**YOUR INSTRUCTIONS:**
If a record contains a picture, skip the picture and transcribe the rest exactly.

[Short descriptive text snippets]
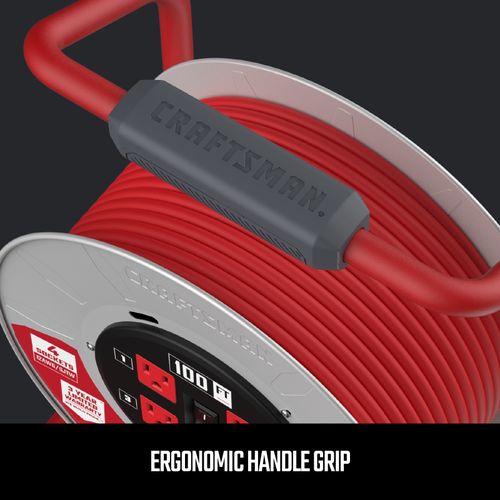 Main product image of 4 Outlet Cable Management Retractable Extension Cord Reel, 12 AWG SJTW Cable (100 Ft. Cord)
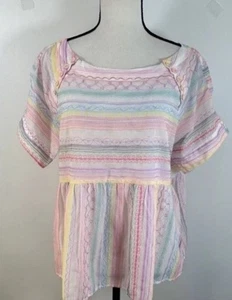 Anthropologie blouse XL letty Pastel Embroidered Babydoll Stitch top flowy - Picture 1 of 7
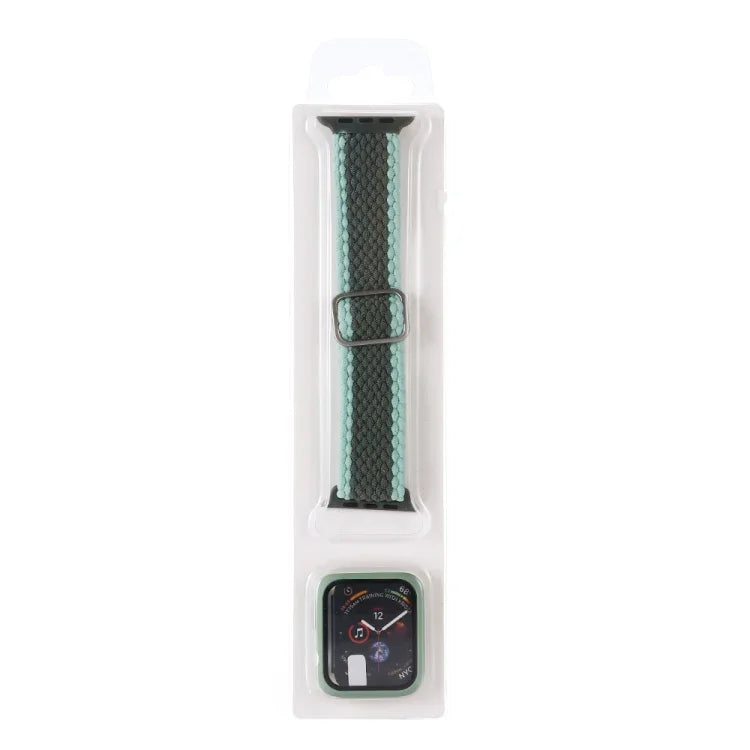 조절 가능한 줄무늬 나일론 직조 시계줄 + 시계 케이스 세트, 애플 워치 시리즈 7 41mm/6&SE&5&4 40mm/3&2&1 38mm용, 7 45mm/6&SE&5&4 44mm/3&2&1 42mm용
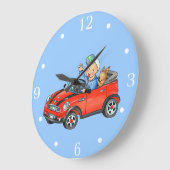 Junge in Red Toy Car - Wall Clock Große Wanduhr (Winkel)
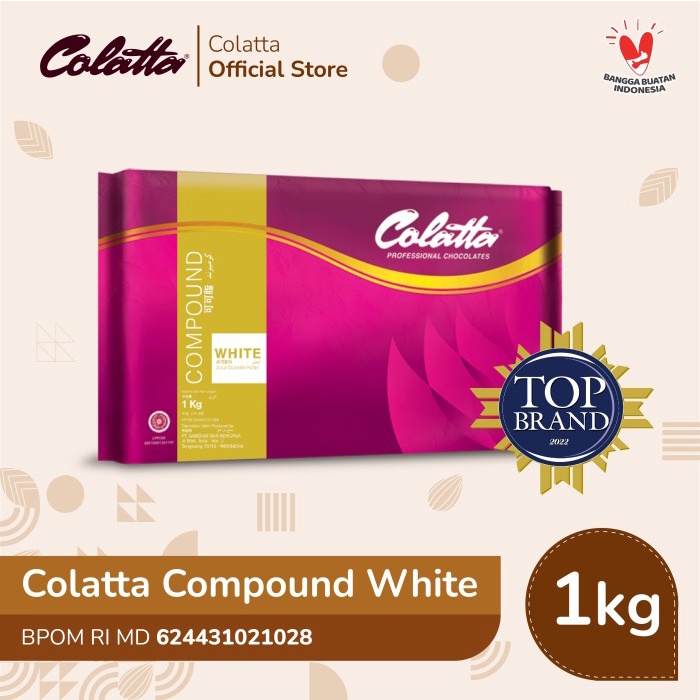 

Ready Stok" Colatta Compound Chocolate White - Coklat Putih Batang 1Kg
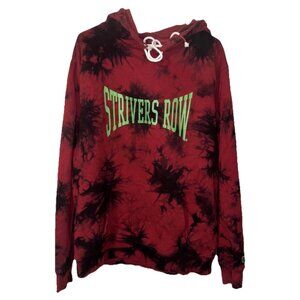 Strivers Row Red Black Tie Dye Heavy Pullover Hoodie Size XL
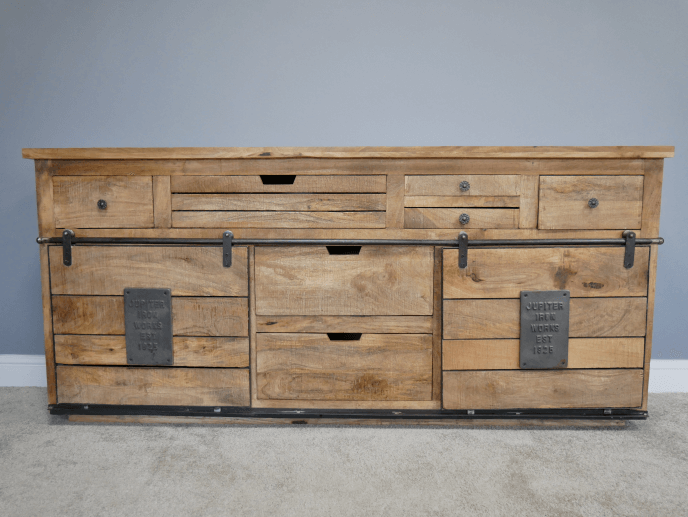 Large Industrial Mango Wood Sideboard - 6362 - Uneeka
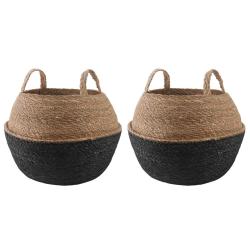 Pot de plante avec poign&eacute;es 2 pcs Noir &Oslash; 45 x 36 cm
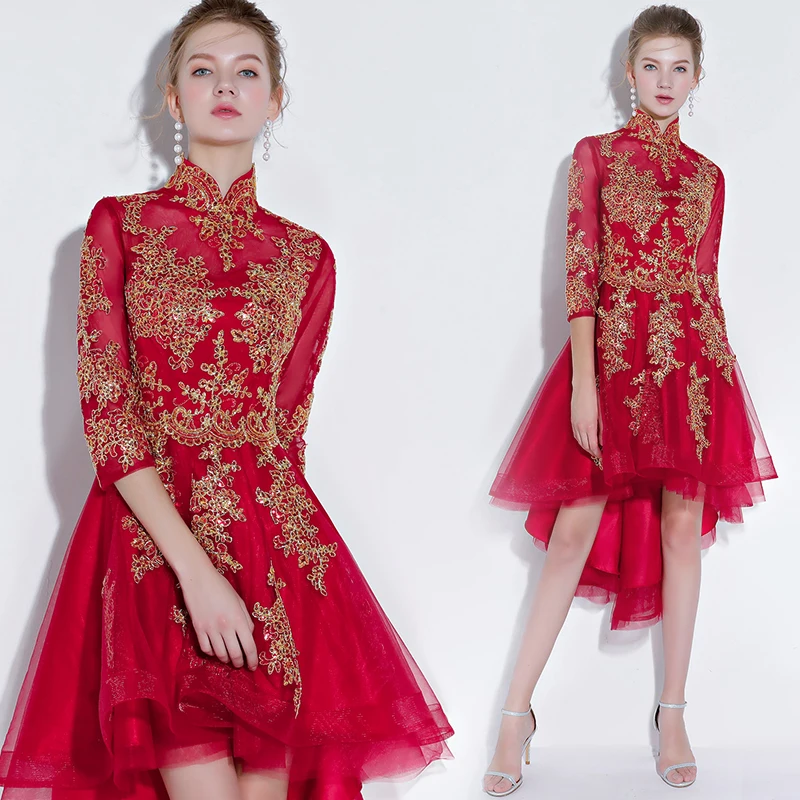 Robe De Soiree 2018 новый красный банкет Половина рукава спереди короткий сзади длинный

**WRITTEN ANSWER:**
 Main product image of 4 Outlet Cable Management Retractable Extension Cord Reel, 12 AWG SJTW Cable (100 Ft. Cord)
 Anthropologie blouse XL letty Pastel Embroidered Babydoll Stitch top flowy - Picture 1 of 7
 조절 가능한 줄무늬 나일론 직조 시계줄 + 시계 케이스 세트, 애플 워치 시리즈 7 41mm/6&SE&5&4 40mm/3&2&1 38mm용, 7 45mm/6&SE&5&4 44mm/3&2&1 42mm용
 Junge in Red Toy Car - Wall Clock Große Wanduhr (Winkel)

Ready Stok" Colatta Compound Chocolate White - Coklat Putih Batang 1Kg
 Strivers Row Red Black Tie Dye Heavy Pullover Hoodie Size XL
 Large Industrial Mango Wood Sideboard - 6362 - Uneeka
 Pot de plante avec poign&eacute;es 2 pcs Noir &Oslash; 45 x 36 cm
 Robe De Soiree 2018 новый красный банкет Половина рукава спереди короткий сзади длинный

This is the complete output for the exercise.